▶ _Short text fragments from websites_
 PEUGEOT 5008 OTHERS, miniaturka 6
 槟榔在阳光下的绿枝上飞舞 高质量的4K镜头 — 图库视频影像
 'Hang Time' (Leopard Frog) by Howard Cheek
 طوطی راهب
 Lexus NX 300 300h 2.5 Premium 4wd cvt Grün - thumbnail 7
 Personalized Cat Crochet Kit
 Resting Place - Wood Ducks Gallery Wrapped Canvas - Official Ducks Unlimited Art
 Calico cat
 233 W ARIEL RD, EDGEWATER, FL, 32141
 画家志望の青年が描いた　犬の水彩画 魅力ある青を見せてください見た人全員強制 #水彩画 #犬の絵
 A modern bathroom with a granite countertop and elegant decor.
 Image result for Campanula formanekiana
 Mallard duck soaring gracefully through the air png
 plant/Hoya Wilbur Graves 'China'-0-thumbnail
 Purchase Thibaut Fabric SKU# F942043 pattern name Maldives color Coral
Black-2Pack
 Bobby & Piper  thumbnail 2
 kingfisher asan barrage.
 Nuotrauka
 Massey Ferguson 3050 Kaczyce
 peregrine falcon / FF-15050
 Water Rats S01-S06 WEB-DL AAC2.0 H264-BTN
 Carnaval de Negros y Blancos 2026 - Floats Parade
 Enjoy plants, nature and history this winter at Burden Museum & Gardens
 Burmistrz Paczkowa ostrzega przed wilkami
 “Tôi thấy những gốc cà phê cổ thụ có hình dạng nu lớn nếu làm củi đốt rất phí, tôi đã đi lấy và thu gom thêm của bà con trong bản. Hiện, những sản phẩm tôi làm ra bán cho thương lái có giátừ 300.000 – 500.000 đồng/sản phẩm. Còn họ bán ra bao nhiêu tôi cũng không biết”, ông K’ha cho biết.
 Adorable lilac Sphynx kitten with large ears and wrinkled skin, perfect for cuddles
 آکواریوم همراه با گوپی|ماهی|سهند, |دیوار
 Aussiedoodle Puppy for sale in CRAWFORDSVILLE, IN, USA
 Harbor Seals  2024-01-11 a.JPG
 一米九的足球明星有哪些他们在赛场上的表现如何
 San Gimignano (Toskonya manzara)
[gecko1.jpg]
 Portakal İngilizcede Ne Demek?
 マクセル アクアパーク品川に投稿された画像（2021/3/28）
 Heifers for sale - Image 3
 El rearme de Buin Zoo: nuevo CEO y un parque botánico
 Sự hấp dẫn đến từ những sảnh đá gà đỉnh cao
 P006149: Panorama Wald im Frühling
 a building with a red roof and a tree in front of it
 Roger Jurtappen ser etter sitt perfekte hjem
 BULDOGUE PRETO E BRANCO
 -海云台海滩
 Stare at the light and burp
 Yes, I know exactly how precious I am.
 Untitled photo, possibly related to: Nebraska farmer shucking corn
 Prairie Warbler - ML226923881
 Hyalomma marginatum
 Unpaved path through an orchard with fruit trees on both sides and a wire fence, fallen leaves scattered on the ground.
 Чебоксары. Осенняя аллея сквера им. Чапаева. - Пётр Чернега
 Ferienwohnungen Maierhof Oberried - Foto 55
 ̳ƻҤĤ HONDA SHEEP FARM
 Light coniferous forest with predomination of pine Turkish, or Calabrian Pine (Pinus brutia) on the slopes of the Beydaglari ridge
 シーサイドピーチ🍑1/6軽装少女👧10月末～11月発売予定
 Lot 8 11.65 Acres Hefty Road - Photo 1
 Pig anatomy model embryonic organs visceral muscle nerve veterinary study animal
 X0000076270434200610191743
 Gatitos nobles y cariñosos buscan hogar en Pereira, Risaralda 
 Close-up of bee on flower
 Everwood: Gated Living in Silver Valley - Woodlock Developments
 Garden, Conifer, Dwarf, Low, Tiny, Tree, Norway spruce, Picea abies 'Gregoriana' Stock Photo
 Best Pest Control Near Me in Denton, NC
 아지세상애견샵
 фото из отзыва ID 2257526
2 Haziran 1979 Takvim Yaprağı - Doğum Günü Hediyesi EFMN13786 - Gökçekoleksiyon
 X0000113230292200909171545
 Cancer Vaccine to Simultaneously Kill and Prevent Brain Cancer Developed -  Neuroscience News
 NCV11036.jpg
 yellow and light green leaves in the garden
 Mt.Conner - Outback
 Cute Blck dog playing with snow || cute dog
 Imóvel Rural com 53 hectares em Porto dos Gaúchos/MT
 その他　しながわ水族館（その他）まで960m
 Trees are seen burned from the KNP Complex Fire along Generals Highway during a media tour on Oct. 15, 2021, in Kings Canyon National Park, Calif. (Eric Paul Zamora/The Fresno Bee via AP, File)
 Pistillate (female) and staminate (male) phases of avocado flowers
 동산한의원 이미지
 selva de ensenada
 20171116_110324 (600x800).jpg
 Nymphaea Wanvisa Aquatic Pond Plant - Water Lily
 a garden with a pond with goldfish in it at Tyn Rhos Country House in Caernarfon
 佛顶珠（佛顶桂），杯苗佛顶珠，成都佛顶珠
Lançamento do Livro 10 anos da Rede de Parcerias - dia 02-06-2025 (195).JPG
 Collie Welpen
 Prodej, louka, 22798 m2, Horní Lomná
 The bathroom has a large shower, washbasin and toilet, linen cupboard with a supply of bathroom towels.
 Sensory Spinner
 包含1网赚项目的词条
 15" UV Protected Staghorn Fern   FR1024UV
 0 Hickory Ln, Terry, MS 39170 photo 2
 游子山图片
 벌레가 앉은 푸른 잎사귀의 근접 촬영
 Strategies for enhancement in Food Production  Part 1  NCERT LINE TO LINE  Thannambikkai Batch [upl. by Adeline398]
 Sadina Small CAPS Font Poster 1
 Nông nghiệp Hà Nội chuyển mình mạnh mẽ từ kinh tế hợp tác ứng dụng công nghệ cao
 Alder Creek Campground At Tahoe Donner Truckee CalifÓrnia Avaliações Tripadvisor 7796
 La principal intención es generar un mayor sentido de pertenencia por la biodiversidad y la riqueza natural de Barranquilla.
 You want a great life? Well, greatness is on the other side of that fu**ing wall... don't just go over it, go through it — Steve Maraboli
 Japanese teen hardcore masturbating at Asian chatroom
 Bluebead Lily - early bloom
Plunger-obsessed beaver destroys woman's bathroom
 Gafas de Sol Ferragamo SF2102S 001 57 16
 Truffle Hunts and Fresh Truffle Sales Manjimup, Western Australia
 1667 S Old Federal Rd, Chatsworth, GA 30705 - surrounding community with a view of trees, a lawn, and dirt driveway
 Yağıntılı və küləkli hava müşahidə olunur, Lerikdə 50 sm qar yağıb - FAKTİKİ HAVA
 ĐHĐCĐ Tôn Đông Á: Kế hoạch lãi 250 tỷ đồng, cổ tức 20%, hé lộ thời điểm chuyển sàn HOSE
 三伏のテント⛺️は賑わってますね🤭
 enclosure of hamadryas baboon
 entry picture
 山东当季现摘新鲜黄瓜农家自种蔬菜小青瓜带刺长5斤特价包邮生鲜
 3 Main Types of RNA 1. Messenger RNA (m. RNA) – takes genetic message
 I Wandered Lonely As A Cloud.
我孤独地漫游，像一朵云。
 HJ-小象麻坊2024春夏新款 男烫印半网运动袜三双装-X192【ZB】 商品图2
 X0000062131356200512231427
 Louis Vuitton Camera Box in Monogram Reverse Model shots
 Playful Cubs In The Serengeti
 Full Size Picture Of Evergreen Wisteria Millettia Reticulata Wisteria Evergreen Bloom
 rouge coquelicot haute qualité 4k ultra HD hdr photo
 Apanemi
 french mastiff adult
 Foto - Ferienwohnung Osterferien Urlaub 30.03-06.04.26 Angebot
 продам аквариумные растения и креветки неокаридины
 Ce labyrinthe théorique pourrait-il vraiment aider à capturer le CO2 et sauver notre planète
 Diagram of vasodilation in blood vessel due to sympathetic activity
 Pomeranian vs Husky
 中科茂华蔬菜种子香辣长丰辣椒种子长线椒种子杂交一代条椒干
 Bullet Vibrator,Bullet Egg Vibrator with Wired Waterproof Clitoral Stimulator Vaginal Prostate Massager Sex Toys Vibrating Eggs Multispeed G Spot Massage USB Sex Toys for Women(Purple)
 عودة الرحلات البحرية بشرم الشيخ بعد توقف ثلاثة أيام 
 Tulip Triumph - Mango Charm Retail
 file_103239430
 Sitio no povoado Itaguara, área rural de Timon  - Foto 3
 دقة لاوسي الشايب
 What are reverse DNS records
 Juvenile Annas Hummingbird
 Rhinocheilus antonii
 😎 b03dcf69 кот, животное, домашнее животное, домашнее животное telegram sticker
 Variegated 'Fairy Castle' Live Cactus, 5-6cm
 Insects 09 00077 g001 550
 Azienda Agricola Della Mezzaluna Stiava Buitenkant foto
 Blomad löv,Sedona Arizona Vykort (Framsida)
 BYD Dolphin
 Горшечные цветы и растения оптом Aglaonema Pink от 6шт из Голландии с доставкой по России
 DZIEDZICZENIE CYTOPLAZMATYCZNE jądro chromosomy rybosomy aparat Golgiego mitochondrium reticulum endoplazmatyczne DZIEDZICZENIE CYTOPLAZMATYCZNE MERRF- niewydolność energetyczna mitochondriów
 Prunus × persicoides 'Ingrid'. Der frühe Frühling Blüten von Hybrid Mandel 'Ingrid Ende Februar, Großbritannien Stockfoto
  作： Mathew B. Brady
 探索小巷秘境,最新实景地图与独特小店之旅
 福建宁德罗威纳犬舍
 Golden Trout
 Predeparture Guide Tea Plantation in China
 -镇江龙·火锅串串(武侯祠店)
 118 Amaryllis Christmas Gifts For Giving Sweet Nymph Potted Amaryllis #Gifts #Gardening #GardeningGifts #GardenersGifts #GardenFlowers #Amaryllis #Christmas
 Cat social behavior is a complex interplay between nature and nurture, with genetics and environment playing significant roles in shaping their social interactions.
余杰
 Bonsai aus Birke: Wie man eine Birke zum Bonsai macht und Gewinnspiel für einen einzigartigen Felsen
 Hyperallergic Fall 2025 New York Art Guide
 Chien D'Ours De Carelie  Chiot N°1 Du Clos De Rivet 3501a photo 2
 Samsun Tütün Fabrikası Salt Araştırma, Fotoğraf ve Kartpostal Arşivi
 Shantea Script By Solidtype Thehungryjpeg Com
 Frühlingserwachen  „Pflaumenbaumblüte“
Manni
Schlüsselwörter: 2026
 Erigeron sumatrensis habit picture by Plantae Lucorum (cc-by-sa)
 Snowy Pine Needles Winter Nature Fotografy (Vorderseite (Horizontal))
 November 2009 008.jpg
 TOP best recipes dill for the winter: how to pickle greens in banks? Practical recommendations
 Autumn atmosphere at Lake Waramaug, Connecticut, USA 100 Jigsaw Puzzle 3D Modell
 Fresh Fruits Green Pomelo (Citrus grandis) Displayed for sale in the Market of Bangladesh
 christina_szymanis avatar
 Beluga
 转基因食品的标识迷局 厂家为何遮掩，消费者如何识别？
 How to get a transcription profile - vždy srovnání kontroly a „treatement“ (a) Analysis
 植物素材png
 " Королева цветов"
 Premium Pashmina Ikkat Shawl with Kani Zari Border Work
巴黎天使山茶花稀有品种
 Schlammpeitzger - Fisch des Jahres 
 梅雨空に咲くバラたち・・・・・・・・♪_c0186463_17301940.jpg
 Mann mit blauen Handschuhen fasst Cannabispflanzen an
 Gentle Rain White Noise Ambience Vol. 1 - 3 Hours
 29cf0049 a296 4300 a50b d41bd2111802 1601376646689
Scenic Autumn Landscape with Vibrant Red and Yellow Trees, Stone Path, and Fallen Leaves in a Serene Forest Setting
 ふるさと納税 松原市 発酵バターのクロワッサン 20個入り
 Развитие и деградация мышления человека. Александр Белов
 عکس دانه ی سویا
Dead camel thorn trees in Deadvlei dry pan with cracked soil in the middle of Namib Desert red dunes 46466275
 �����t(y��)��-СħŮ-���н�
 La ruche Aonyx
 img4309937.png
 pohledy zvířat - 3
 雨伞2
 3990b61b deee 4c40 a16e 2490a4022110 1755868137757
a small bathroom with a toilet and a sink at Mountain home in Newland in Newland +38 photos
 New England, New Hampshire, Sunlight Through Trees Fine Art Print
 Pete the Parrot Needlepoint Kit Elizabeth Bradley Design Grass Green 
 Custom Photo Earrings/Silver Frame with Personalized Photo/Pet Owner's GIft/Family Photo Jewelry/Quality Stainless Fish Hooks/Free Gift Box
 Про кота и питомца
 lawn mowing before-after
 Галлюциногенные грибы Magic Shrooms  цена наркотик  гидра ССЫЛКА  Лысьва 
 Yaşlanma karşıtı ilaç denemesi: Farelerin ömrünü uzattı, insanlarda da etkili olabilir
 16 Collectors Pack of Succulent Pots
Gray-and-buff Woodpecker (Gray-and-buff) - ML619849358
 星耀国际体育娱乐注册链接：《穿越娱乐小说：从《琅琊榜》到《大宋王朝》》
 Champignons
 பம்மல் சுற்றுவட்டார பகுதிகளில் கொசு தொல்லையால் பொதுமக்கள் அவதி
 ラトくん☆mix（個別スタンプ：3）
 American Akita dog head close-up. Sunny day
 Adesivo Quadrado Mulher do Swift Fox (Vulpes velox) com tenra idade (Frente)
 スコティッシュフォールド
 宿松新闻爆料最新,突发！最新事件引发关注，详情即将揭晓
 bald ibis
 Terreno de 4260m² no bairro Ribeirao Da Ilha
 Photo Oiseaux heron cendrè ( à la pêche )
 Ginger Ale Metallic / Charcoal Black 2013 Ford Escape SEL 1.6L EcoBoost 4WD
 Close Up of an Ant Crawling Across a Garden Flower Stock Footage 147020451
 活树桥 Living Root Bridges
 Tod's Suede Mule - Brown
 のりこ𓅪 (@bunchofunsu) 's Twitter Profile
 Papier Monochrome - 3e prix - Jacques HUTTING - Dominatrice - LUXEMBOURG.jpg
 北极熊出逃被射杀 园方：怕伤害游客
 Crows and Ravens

▶ _What you have to do_
Starting with the line that holds "Roger Jurtappen ser etter sitt perfekte hjem" and ending with the line that holds "Cute Blck dog playing with snow || cute dog", retype every line in the data above exactly, and nothing else.

▶ _Task solution_
 Roger Jurtappen ser etter sitt perfekte hjem
 BULDOGUE PRETO E BRANCO
 -海云台海滩
 Stare at the light and burp
 Yes, I know exactly how precious I am.
 Untitled photo, possibly related to: Nebraska farmer shucking corn
 Prairie Warbler - ML226923881
 Hyalomma marginatum
 Unpaved path through an orchard with fruit trees on both sides and a wire fence, fallen leaves scattered on the ground.
 Чебоксары. Осенняя аллея сквера им. Чапаева. - Пётр Чернега
 Ferienwohnungen Maierhof Oberried - Foto 55
 ̳ƻҤĤ HONDA SHEEP FARM
 Light coniferous forest with predomination of pine Turkish, or Calabrian Pine (Pinus brutia) on the slopes of the Beydaglari ridge
 シーサイドピーチ🍑1/6軽装少女👧10月末～11月発売予定
 Lot 8 11.65 Acres Hefty Road - Photo 1
 Pig anatomy model embryonic organs visceral muscle nerve veterinary study animal
 X0000076270434200610191743
 Gatitos nobles y cariñosos buscan hogar en Pereira, Risaralda 
 Close-up of bee on flower
 Everwood: Gated Living in Silver Valley - Woodlock Developments
 Garden, Conifer, Dwarf, Low, Tiny, Tree, Norway spruce, Picea abies 'Gregoriana' Stock Photo
 Best Pest Control Near Me in Denton, NC
 아지세상애견샵
 фото из отзыва ID 2257526
2 Haziran 1979 Takvim Yaprağı - Doğum Günü Hediyesi EFMN13786 - Gökçekoleksiyon
 X0000113230292200909171545
 Cancer Vaccine to Simultaneously Kill and Prevent Brain Cancer Developed -  Neuroscience News
 NCV11036.jpg
 yellow and light green leaves in the garden
 Mt.Conner - Outback
 Cute Blck dog playing with snow || cute dog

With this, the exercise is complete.